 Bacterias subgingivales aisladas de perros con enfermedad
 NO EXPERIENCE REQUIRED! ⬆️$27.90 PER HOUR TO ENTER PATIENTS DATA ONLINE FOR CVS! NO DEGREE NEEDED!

* * *

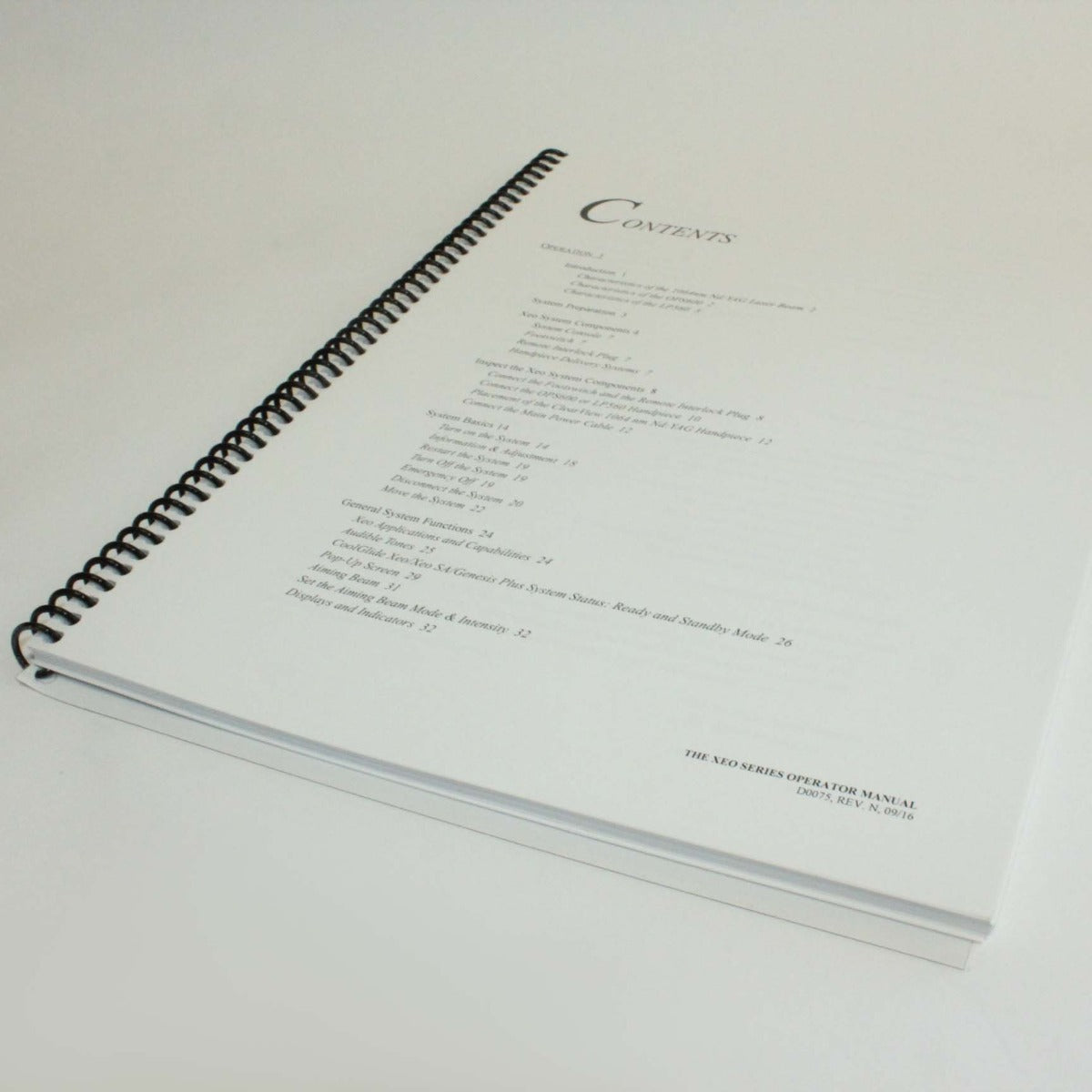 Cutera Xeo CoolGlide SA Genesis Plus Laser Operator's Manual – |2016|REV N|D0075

• [THE TASK]:
Start with the line above that contains "Bacterias subgingivales aisladas" and end with the line that contains "NO EXPERIENCE REQUIRED!". Write out those lines exactly, and only those.

• [OUTPUT OF THE TASK]:
 Bacterias subgingivales aisladas de perros con enfermedad
 NO EXPERIENCE REQUIRED! ⬆️$27.90 PER HOUR TO ENTER PATIENTS DATA ONLINE FOR CVS! NO DEGREE NEEDED!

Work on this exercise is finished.